At first instance the Judge summarised the principles that applied to the case in line with the existing authorities as follows:
- Ownership and control are not in themselves sufficient to pierce the corporate veil
- Even where there is no unconnected third party interest the veil could not be pierced only because it is necessary in the interests of justice
- The veil can only be pierced if there is impropriety
- The impropriety must be linked to the use of the company structure to avoid or conceal liability
- In order to pierce the veil, both control by the wrong doer and impropriety must be demonstrated; and
- The company may be a façade even though originally incorporated without a deceptive intent.

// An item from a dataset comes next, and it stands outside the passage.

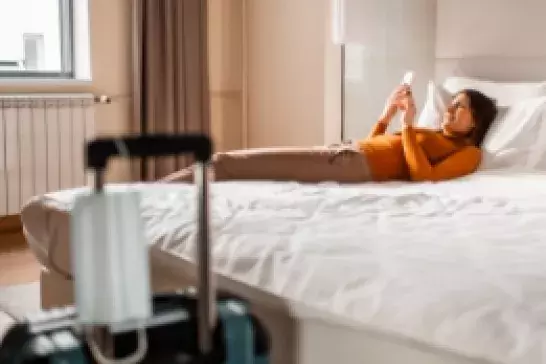 Person resting on bed after checking into hotel room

As a consequence of applying those principles the first instance Judge made an order that meant the husband had to transfer £17.5 million of assets to his wife from the company assets. The husband appealed. On appeal, by a majority judgement, the original ruling was overturned with the Court of Appeal concluding that:
The original decision had been based on reasoning that was inconsistent, contrary to principle and wrong and that a company could not be looked to in order to satisfy personal obligations of corporators any more than the latter’s personal assets could be looked to in order to satisfy the obligations of the company.
The wife is expected to appeal the decision to the Supreme Court because it runs contrary to the previous line of authorities. The dissenting Judge, Lord Justice Thorpe, said.
“If the Court now concludes that all these prior authorities were wrongly decided they present an open road and a fast car to the money maker who disapproves of the principles developed by the House of Lords “
It certainly means that cases which are yet to be decided where a company exists and is “run” by one of the spouses may not be so clear cut with District Judges in the lower family courts having to be subject to greater persuasion if they are to order that corporate assets should be called upon to meet personal liabilities in financial proceedings ancillary to divorce. This case will no doubt be cited as a reason for them not to do so unless and until it is overturned by the Supreme Court.